On 08/11/2011 05:27, Hans-Peter Nilsson wrote:
On Sun, 6 Nov 2011, Joern Rennecke wrote:
Quoting David Brown<david.br...@hesbynett.no>:
Take an example using a processor I know well, the AVR (it is an 8-bit
device, which is a little unusual for gcc). It has an instruction will
multiply two "1.7" signed 8-bit integers to get a single 1.15 signed
16-bit integer - basically combining an 8-bit x 8-bit to 16-bit
multiply with a left shift. So to do a "signed short _Fract" multiply,
you have a single instruction and discard the least significant byte.

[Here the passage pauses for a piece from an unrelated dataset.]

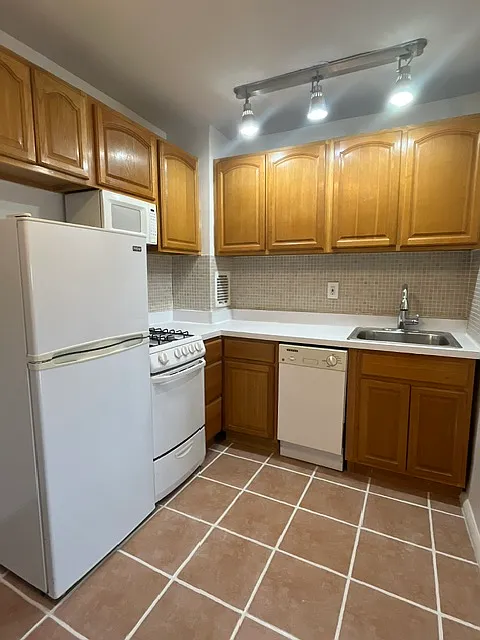Studio, $1,949 — Photo 4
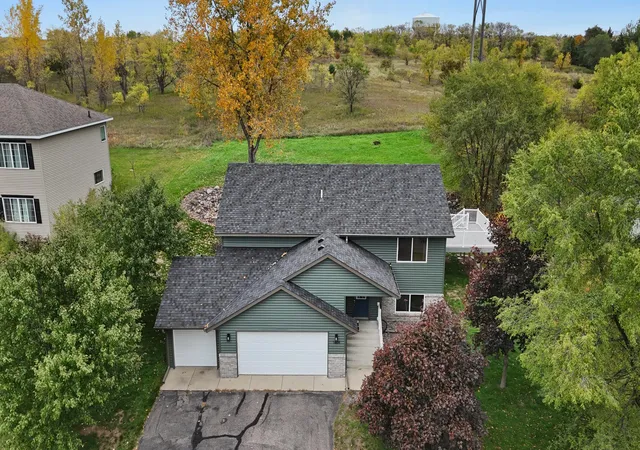 Photo 2 of Single family home for sale at 1609 25th Street Se, Saint Cloud, MN 56304 | MLS# 7159539 | Listing updated on 2026-10-21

Simulating the same operation in generic C would be something like :
int8_t multShortFract(int8_t a, int8_t b) {
int16_t c = (int16_t) a * b;
return (c>> 7);
}
If you can make up your mind if the result is 8 or 16 bit, generating the
instruction should be standard fare for the combiner pass.
If the compiler can generate fractional arithmetic code directly from
such expressions, then it is indeed a good step towards implementing
such types as a pure C++ class without needing to use compiler extensions.
However, this is a simple case. It gets a lot more complicated with
"_Accum" types, with saturating types, and especially when mixing them.
It also gets more complicated when you start to have series of
expressions, constant folding, etc. I am not saying the compiler
couldn't generate optimal code (on a target with hardware support for
these operations) out from carefully written generic C++ code - but I do
think it would be easier to get good code if the compiler views these
types as "native".
The guts of gcc already know about types like "signed short _Fract", and
can handle them well (at least for some targets). It is always easier
for the compiler when it has more knowledge than if it has to guess
based on code patterns - so using "signed short _Fract" means it can see
the real type early in the process rather than in a later "combine" pass.
Looks like a pretty typical Q7 (or Q1.7) multiplication to me
unless I miss something... Would be a nice thing to have those
Q1.<N-1> formats as native GCC-extension types including
vectorized versions. No, not planning it.
Yes, it is Q1.7 multiplication. And there is already a type for it in
C, though gcc doesn't (yet) support it for all targets (I haven't
checked recent versions). It is "signed short _Fract" from TR 18037.
<http://gcc.gnu.org/onlinedocs/gcc/Fixed_002dPoint.html>
And having intermediate calculations in a wider mode does not
constituate lack of making ones mind up. :)
Correct - the return type is clearly int8_t. The wider intermediate
mode is a necessity of C.
Though I believe that cast of "a" is ineffective, IIUC.
Also correct - "a" will be promoted automatically to an "int" (which is
always at least 16-bit). From long habit in embedded programming, I
tend to be a bit more explicit about such conversions. A real-world
library would be written somewhat differently, of course (at the very
least, it would use "int_fast16_t").